→ **Task to carry out**
Below are lines of records; copy exactly those from the one containing "a man standing next to a waterfall" through the one containing "Lot 343 - Five", leaving the pictures behind.

→ **Records**
==================================================

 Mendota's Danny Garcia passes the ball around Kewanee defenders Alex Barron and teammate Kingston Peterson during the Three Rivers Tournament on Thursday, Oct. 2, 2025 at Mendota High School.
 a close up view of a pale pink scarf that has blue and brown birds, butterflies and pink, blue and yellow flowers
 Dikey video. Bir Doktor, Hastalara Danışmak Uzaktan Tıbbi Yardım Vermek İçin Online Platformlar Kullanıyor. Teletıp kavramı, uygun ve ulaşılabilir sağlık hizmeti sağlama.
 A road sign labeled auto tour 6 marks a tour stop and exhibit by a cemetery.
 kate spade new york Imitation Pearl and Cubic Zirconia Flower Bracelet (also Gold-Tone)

==================================================

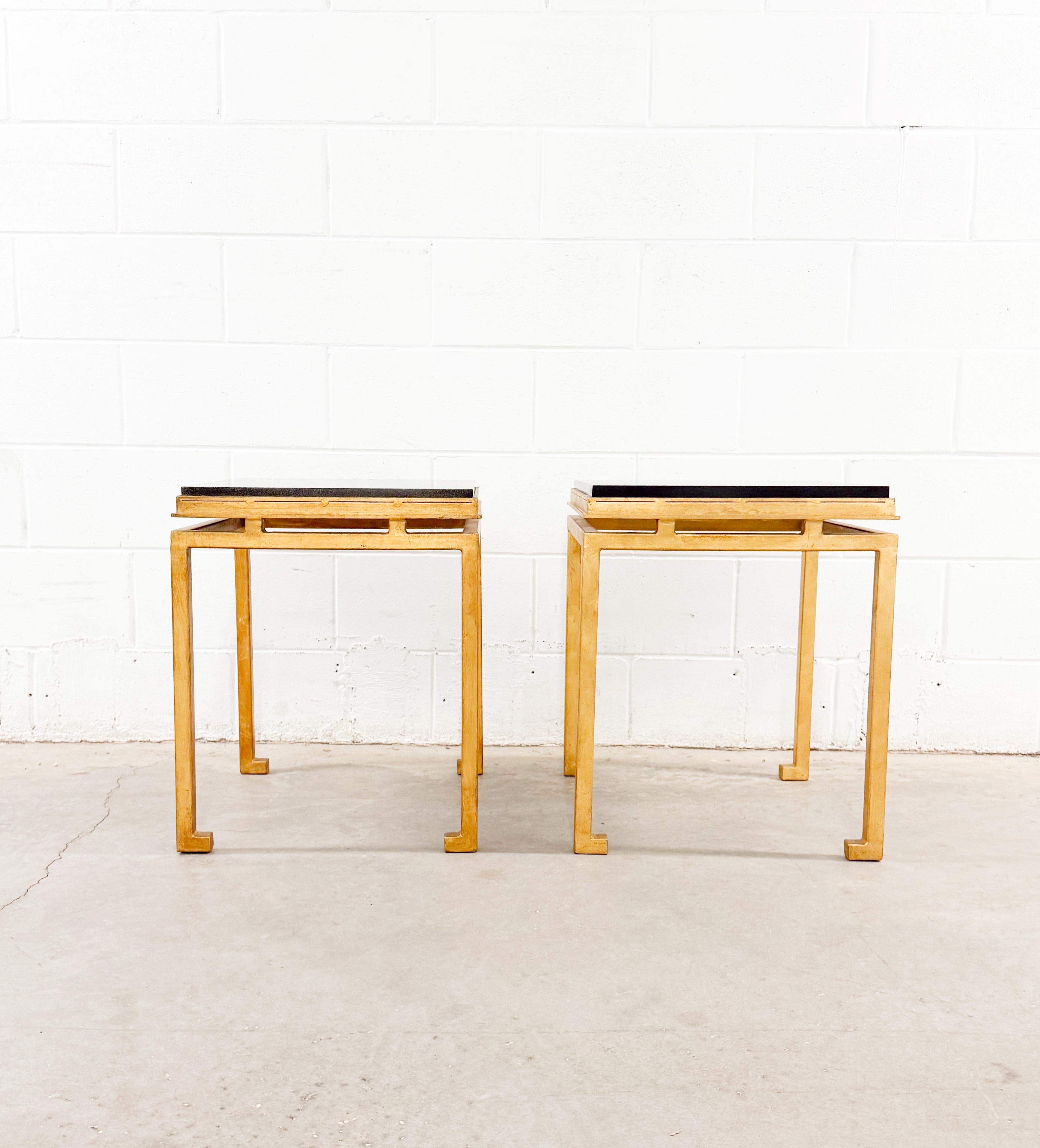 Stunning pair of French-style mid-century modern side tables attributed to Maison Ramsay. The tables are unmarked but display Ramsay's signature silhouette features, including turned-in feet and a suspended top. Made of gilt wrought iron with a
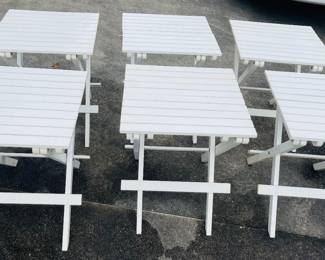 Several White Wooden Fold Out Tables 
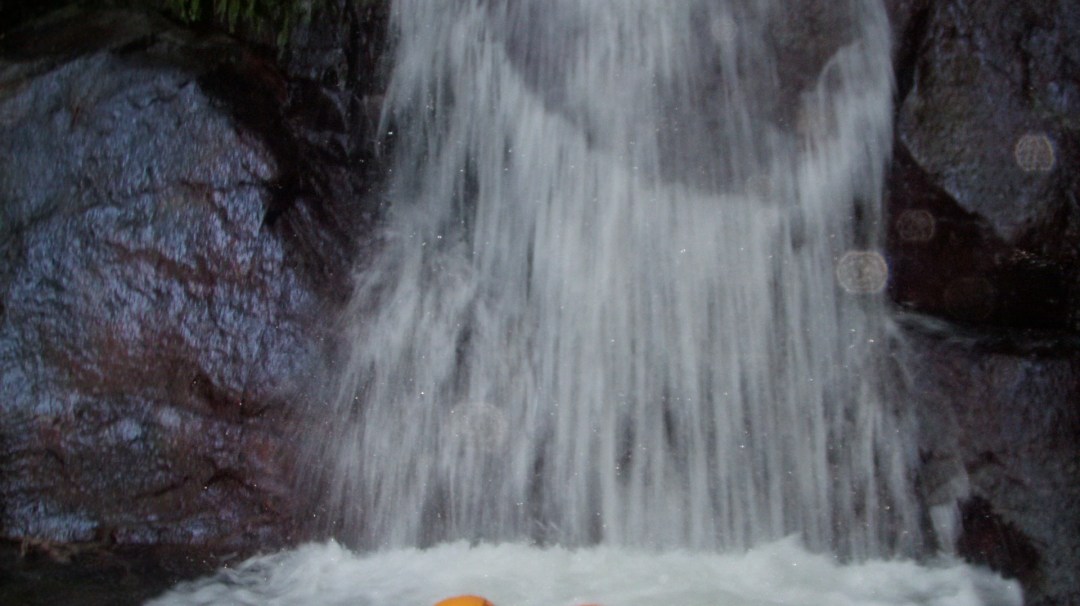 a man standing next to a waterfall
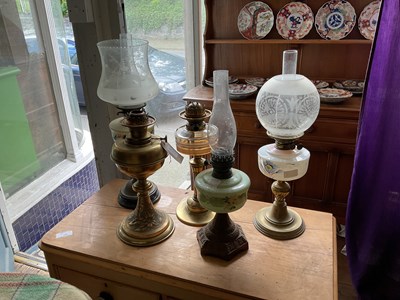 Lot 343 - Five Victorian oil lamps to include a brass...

==================================================

→ **Expected output**
 a man standing next to a waterfall
 Lot 343 - Five Victorian oil lamps to include a brass...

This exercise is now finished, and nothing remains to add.